Danny Lyon: Message to the Future, organized by the Fine Arts Museums of San Francisco, where it will open at the de Young Museum in November, is also the first full career retrospective of his work, including 175 photographs, previously unseen 16mm film footage made inside Texas prisons, vintage prints and personal photo albums.
Arrest of Taylor Washington, Atlanta, 1963
Cover of SNCC Brochure
Lyon hitchhiked to the segregated South in 1962, while still a student at the University of Chicago. So powerful was Lyon’s work of the Civil Rights movement that James Forman, executive director of the Student Nonviolent Coordinating Committee (SNCC), recruited Lyon to be the organization’s first official photographer. His images were used in posters, brochures and leaflets to raise money and recruit workers.

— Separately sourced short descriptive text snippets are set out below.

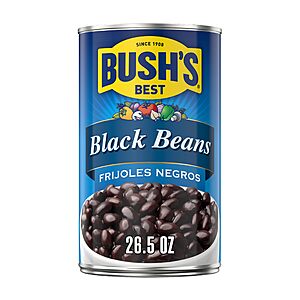 Bush's Best Black Beans, 26.5 oz | Canned Beans, Source of Plant Based Protein and Fiber, Gluten Free~$1.66 With S&S @ Amazon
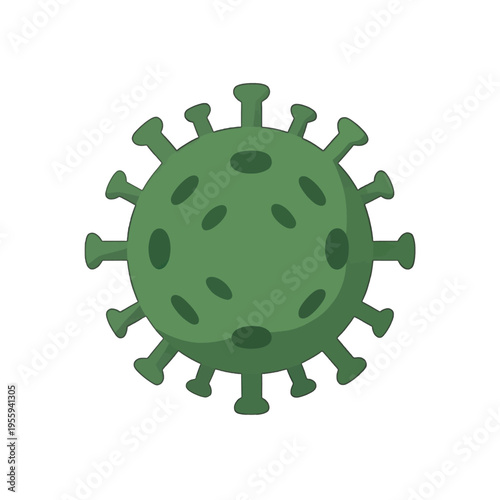 Virus Cell Icon Vector, Green Biomedical Isolated Illustration for Healthcare and Scientific Use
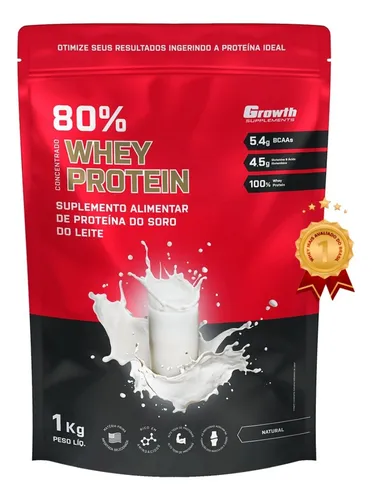comprar Whey Concentrado 80% Whey Protein - Growth Supplements Sabor Natural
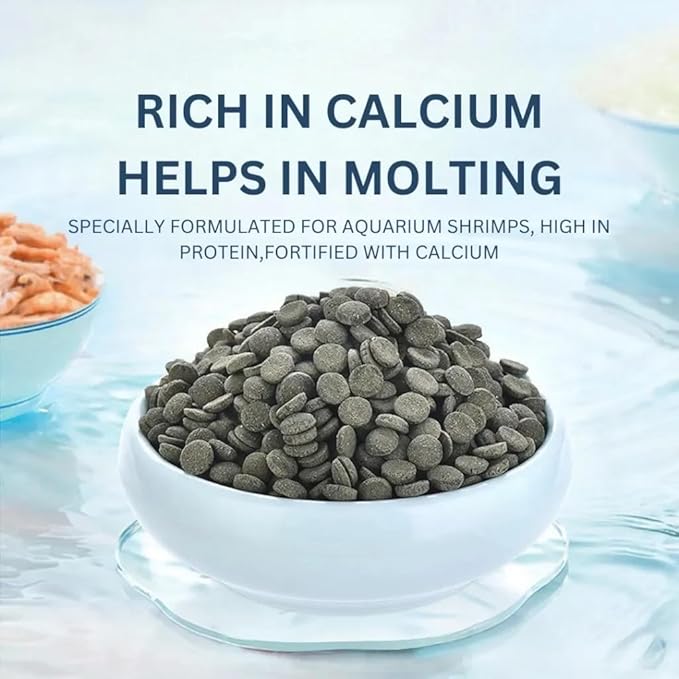 Shrimp Food 4.6 oz – High Protein Discs with Spirulina, Probiotics, and Calcium for Neocaridina, Caridina, Crystal Shrimp & Aquatic Invertebrates – Molting Support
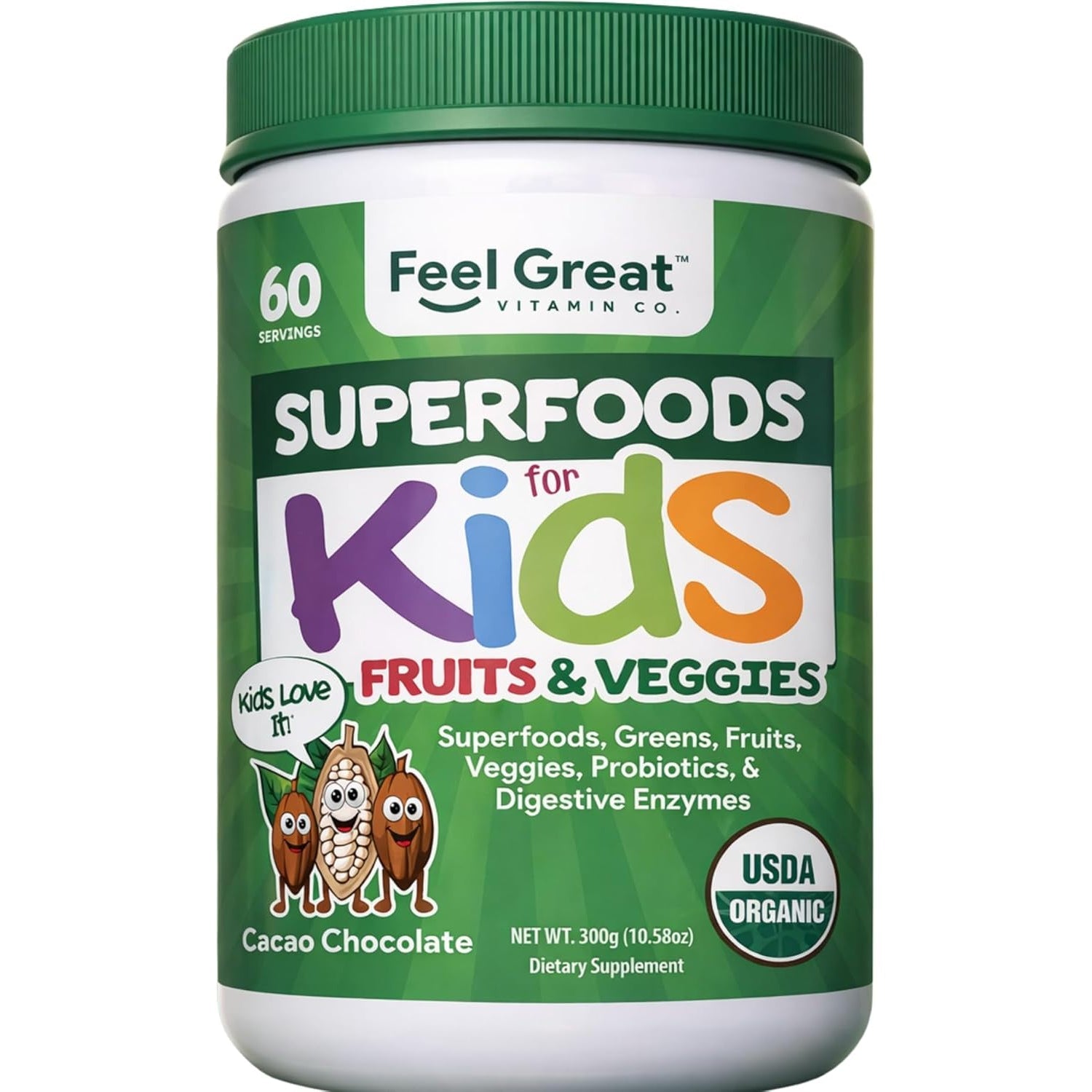 Feel Great USDA Organic Super Greens Powder for Kids - Cocao Chocolate | Fruit & Veggie Supplement | Superfood Powder with Probiotics & Digestive Enzymes for Digestive Health | 60 Days Supply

“Is He Protecting You?” Image taken at the University of Mississippi in 1962 and reproduced as a poster in 1963 by SNCC
Echoing war photographer Robert Capa, who said, “If your pictures aren’t good enough, it’s because you’re not close enough,” Lyon has said, “You put a camera in my hand and I want to get close to people. Not just physically close, emotionally close, all of it.”
Subway, New York, 1966
A member of the street photography movement of the 1960s, Lyon was – and remains – renowned for his immersion in the lives of those he photographs. He believes in “advocacy Journalism,” and is instinctively drawn to people, issues and stories left out of the narrative of prosperity and upward mobility. His feel for people on the margins of society, from transvestites to those incarcerated in prisons, turns out to echo many of today’s political issues.

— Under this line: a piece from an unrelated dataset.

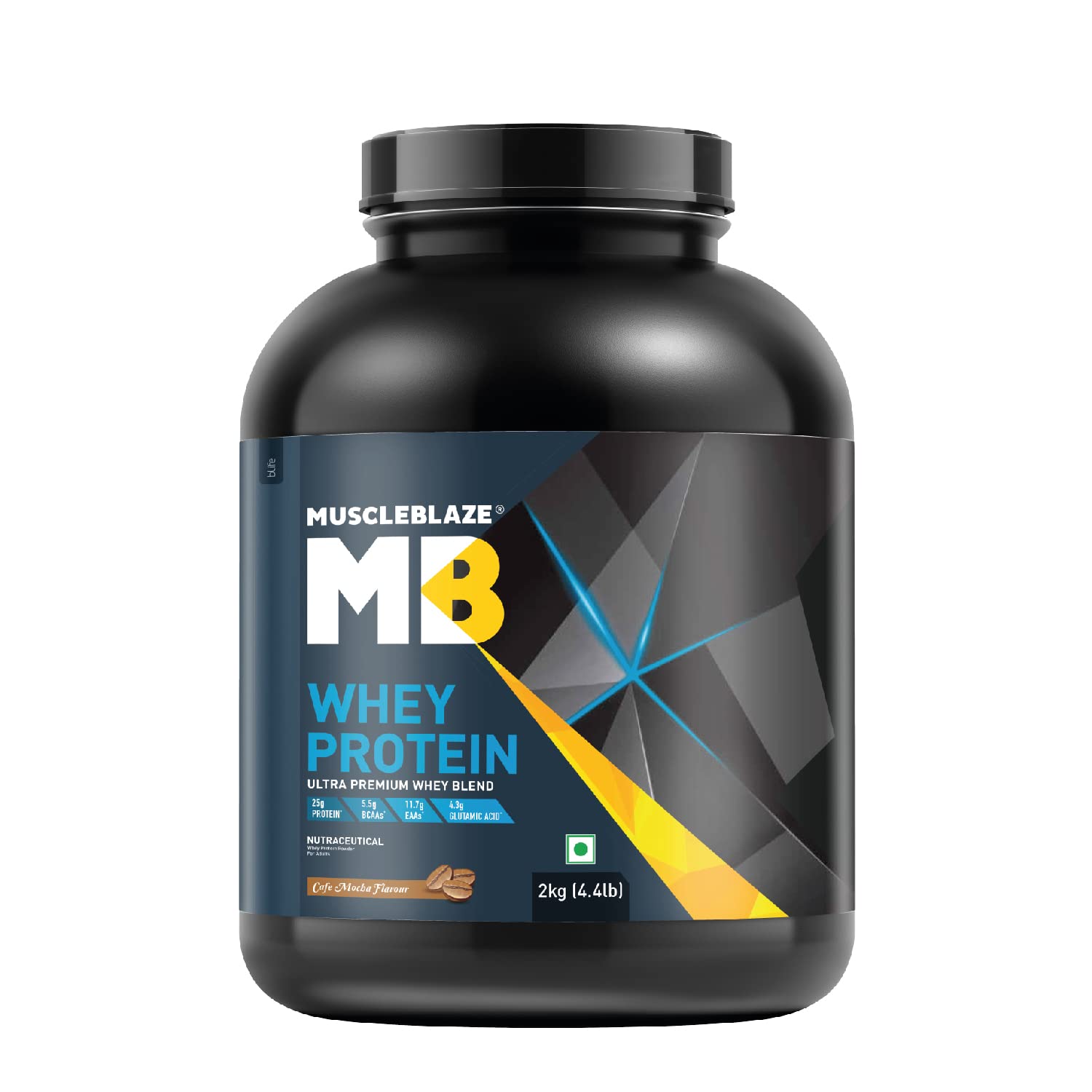 MuscleBlaze 100% Whey Protein, Ultra Premium Blend with Whey Protein Concentrate & Whey Protein Isolate, 25 g Protein per Scoop (Cafe Mocha, 2 kg / 4.4 lb)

Pumpkin and Theresa, Galveston, 1967
Joselin, Santa Marta, Colombia, 1972
82 Beekman Street, 1967
In 1966 -67, Lyon witnessed and photographed the destruction of a large portion of downtown Manhattan to make way for the World Trade Center, an urbanization effort spearheaded by David Rockefeller and others eager to “restore” the primacy of Wall Street and downtown New York as the capital of world finance.
During the 1970s, Lyon left New York, moved to New Mexico, and built a traditional adobe home in a community north of Albuquerque. Though he moved back to New York in 1980, he returns every summer with his family to photograph and make films.

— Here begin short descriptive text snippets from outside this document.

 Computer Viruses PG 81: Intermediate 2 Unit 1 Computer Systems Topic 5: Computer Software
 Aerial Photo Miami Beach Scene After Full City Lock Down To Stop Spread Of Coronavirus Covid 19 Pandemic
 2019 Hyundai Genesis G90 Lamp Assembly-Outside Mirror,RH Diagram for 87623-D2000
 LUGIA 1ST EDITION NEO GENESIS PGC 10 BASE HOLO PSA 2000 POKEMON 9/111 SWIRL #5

For over five decades, Lyon had found himself drawn to men in Texas prisons, street children in South America, undocumented workers on the Mexican border and, more recently, victims of pollution in Shanxi Province, a coal-producing region of China, where he made six trips between 2005 and 2009.
Less well known – and to some a revelation – are Lyon’s films, including a portrait of tattoo artist Bill Sanders, sculptor – and friend – Mark di Suvero, and Willie Jaramillo, who can’t stay out of trouble and prison.
Julian Cox, Chief Curator and Founding Curator of Photography, Fine Arts Museums of San Francisco
Adam Weinberg, Director of The Whitney Museum
For those of us who grew up in Lyon’s New York and America, its fascinating and dispiriting to see how so many of the issues he focused on – racism, incarceration, gentrification, migrant workers, the poor in South America – remain relevant to today’s New York and America. Hence the appropriate title of this show, “Message to the Future.”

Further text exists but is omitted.